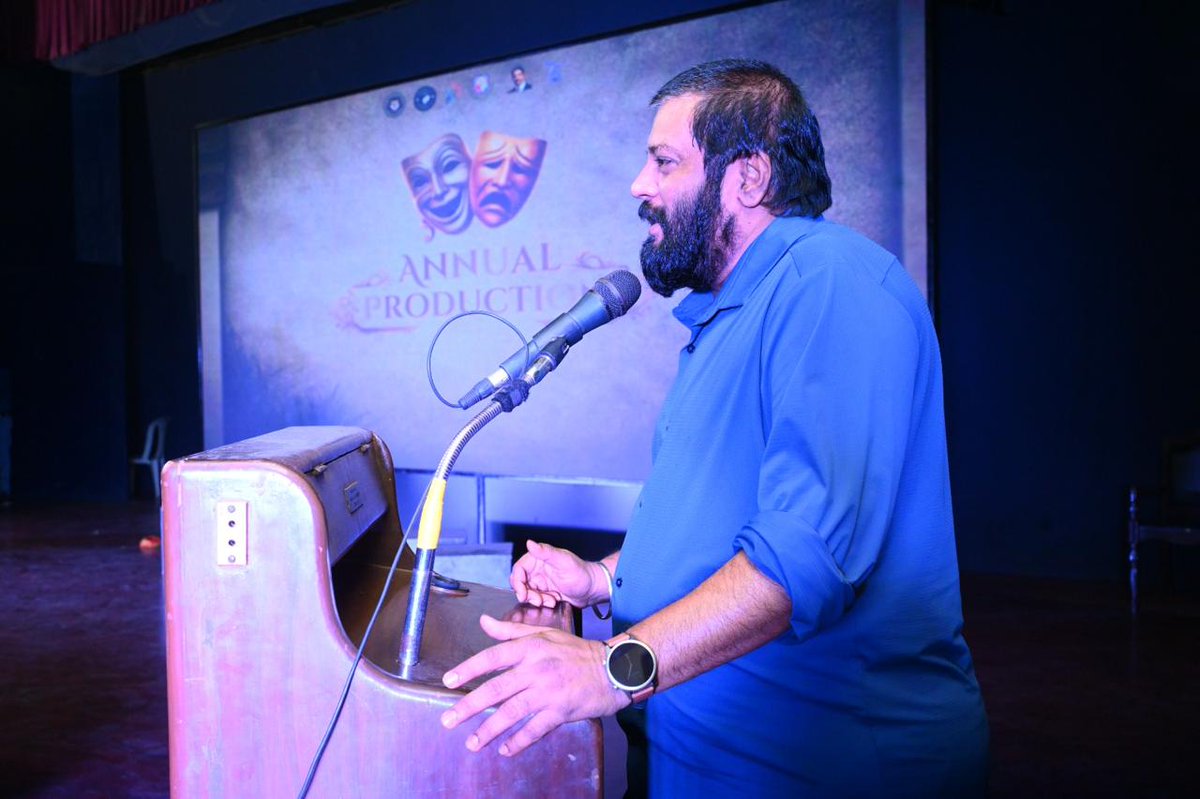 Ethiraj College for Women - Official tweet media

==

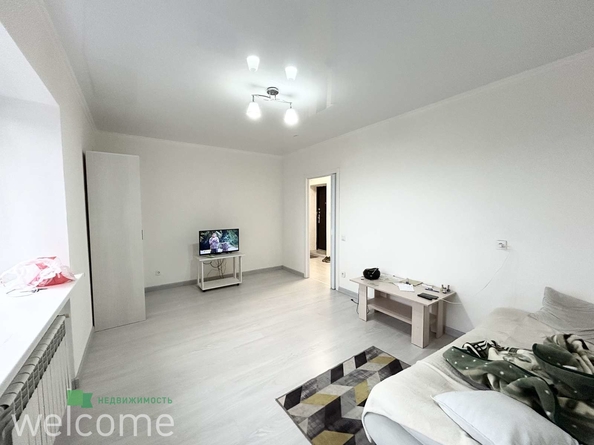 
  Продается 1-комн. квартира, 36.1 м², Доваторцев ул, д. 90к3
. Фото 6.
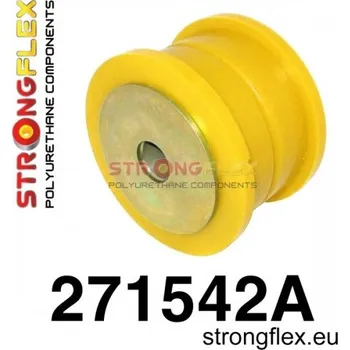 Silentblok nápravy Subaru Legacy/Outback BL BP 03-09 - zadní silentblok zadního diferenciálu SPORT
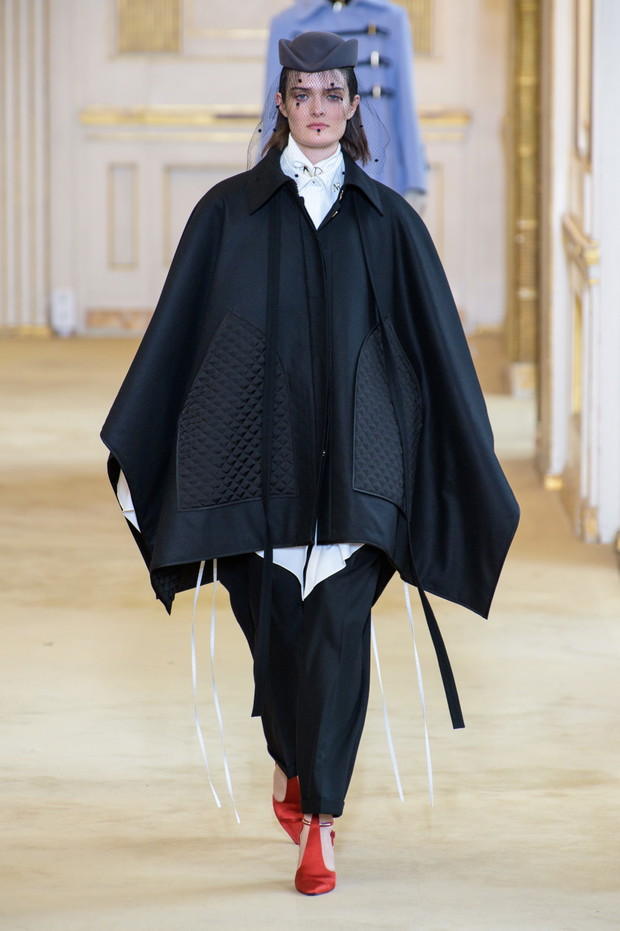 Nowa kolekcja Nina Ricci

---

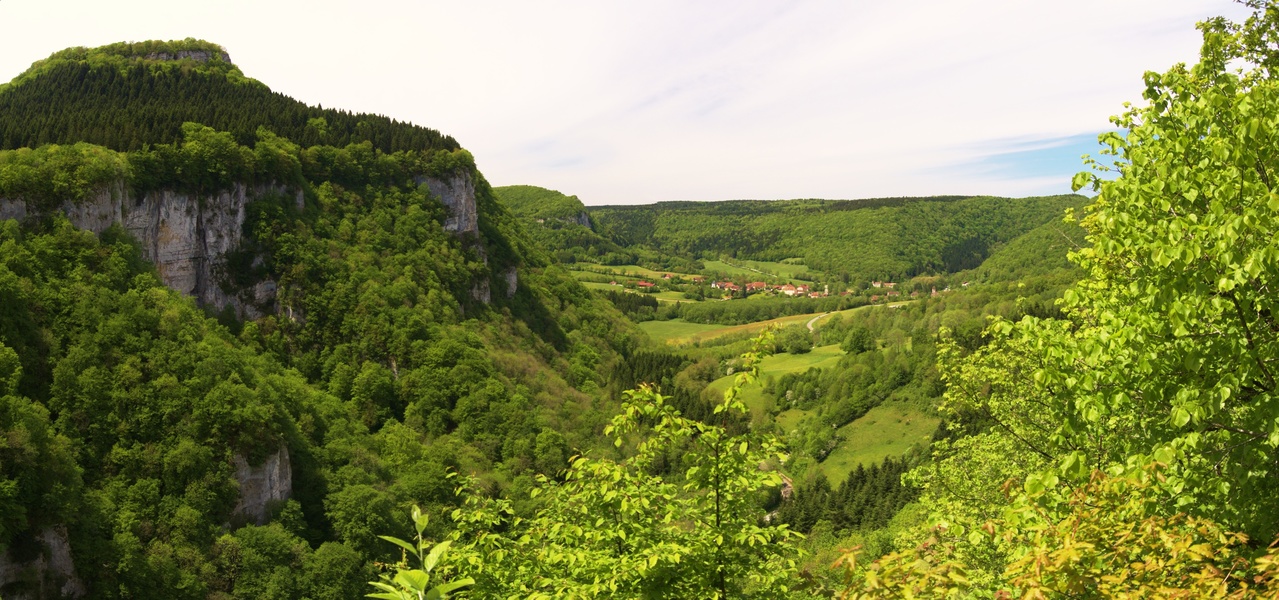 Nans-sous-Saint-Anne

» Task: Although pictures appear among the records above, write out exactly only the lines from the one that has "Продается 1-комн. квартира, 36.1" through the one that has "Nowa kolekcja Nina Ricci", and leave the pictures out.

» The completed task:
  Продается 1-комн. квартира, 36.1 м², Доваторцев ул, д. 90к3
. Фото 6.
 Silentblok nápravy Subaru Legacy/Outback BL BP 03-09 - zadní silentblok zadního diferenciálu SPORT
 Nowa kolekcja Nina Ricci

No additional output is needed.